* _Exercise instructions_: Of the lines below, write out exactly those from the line with "Gold embossed plaque" through the line with "vidaXL Ράφι παπουτσιών", both included, and skip the rest.

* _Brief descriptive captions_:
+===+

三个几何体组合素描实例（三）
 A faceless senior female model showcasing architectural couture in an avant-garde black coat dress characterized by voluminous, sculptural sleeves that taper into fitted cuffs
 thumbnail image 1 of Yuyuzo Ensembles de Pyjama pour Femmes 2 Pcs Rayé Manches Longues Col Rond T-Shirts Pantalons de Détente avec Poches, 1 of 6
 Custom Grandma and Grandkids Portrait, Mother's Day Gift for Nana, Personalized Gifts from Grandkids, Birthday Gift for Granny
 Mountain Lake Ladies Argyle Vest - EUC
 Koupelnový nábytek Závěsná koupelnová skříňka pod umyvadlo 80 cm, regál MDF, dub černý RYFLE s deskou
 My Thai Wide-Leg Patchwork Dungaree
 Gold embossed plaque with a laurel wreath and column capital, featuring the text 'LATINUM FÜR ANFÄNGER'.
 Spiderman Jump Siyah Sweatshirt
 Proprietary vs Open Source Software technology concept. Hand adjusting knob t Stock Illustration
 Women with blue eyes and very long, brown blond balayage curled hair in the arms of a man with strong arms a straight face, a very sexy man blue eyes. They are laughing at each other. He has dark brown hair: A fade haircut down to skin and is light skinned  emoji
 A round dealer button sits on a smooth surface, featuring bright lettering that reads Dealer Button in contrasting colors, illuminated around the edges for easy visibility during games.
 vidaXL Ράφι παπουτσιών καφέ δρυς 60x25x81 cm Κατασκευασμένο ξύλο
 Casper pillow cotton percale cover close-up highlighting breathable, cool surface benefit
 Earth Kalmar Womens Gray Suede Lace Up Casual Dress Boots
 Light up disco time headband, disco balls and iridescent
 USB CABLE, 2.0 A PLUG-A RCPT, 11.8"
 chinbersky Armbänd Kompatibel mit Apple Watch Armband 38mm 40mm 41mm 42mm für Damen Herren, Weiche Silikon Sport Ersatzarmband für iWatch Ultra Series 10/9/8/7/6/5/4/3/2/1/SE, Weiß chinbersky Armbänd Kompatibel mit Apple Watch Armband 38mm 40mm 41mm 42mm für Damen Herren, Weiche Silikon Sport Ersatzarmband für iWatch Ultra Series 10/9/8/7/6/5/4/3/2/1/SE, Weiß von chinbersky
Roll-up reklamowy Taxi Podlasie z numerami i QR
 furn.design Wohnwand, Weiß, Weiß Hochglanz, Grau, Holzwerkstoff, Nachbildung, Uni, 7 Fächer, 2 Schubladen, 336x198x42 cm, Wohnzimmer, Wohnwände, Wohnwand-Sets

+===+

* _Exercise result_:
 Gold embossed plaque with a laurel wreath and column capital, featuring the text 'LATINUM FÜR ANFÄNGER'.
 Spiderman Jump Siyah Sweatshirt
 Proprietary vs Open Source Software technology concept. Hand adjusting knob t Stock Illustration
 Women with blue eyes and very long, brown blond balayage curled hair in the arms of a man with strong arms a straight face, a very sexy man blue eyes. They are laughing at each other. He has dark brown hair: A fade haircut down to skin and is light skinned  emoji
 A round dealer button sits on a smooth surface, featuring bright lettering that reads Dealer Button in contrasting colors, illuminated around the edges for easy visibility during games.
 vidaXL Ράφι παπουτσιών καφέ δρυς 60x25x81 cm Κατασκευασμένο ξύλο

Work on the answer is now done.